LOUISVILLE – Always Dreaming does, indeed, have the stuff dreams are made of.
Athony Bonomo’s son, Anthony Jr., spent $100,000 more than was budgeted to obtain the $350,000 yearling at Keeneland’s September sale. Bonomo’s wife, MaryEllen, named him because their family always dares to dream. And trainer Todd Pletcher and jockey John Velazquez performed their jobs so well that the 143rdKentucky Derby Presented by Yum! Brands became the race the Bonomos dared to imagine.

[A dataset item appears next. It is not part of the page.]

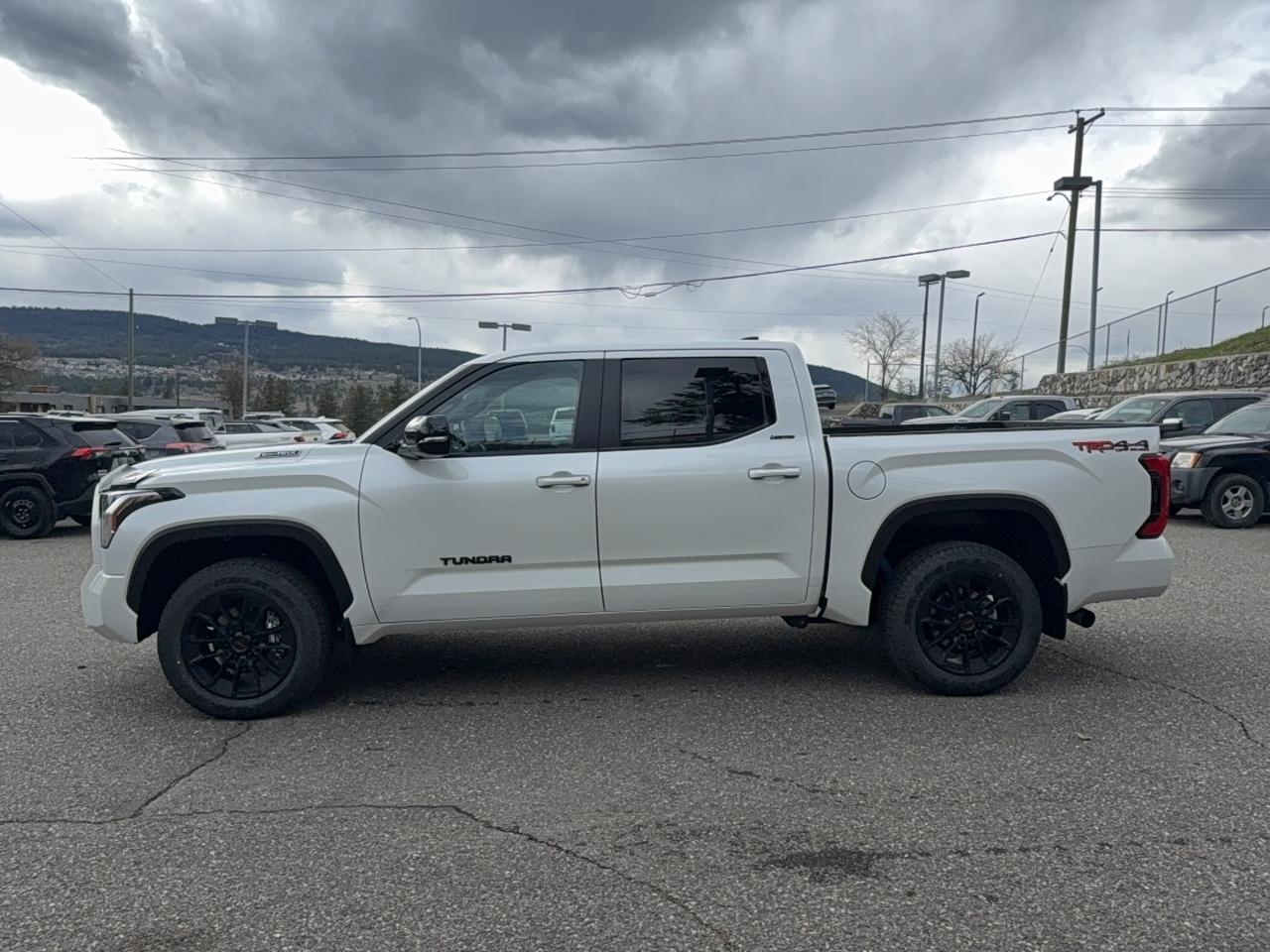 2026 Toyota Tundra Hybrid CrewMax Limited TRD Off Road Photo3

Always Dreaming, winless through two starts as a 2-year-old but now undefeated through four races this season, shook off a sloppy surface and an overmatched field of 19 to prevail by 2 ¾ lengths against longshot Lookin At Lee on Saturday at Churchill Downs.
Bonomo sat beside Vinnie Viola at the post-race news conference, boyhood pals from the Williamsburg section of Brooklyn, N.Y., who had come so far from their joyful yet modest backgrounds.
“Growing up as kids, we won a lot of Derbys,” Bonomo said. “But never in reality.”
This one is wonderfully real for Bonomo, an attorney, and Viola, better known as the owner of the National Hockey League’s Florida Panthers. Bonomo and Viola decided to join forces in the racing industry last year, with Viola buying into Always Dreaming, among others.
“I always thought he was a champion as a kid,” Viola said. “We always got along very well.”
This run for the roses was very much about the strength of relationships contributing to success. In all sports, loyalties can be fleeting. Disappointments tend to divide. But the combination of Pletcher and Velazquez has endured.
Yet there had always been a “but” when fans discussed the handiwork of Pletcher and Velazquez, one both men were keenly aware of.
“We had a lot of success in the past, won a lot of important races,” Velazquez said. “But missing this one was definitely a big one.”
Velazquez’s previous Derby win had come aboard Animal Kingdom, a mount he gained in 2011 after Pletcher was forced to scratch Uncle Mo. The brilliant 2-year-old champion had developed a rare liver disorder.
Pletcher rarely shows emotion. This time he did, with tears welling beneath his sunglasses soon after Always Dreaming flashed across the finish line.
“I think this is even more special than the first one,” he said.
Pletcher, winner of a record seven Eclipse Awards as the leading trainer in North America, had produced only one victory with 45 previous Derby starters. That came when Super Saver benefitted from a wet track and a ground-saving trip from Calvin Borel in 2010.
The hard-driving Pletcher desperately wanted a second Derby, knowing only that would quiet the critics who noted that his success in prep races typically failed to carry over to the grandest race of all.
“I’ve taken a lot of criticism for our Derby record,” Pletcher said, “so we were hoping to improve on that.”
He said he used his shortcomings in the Derby as a teaching moment for his children. “When it doesn’t work,” he said, “you have to figure out why.”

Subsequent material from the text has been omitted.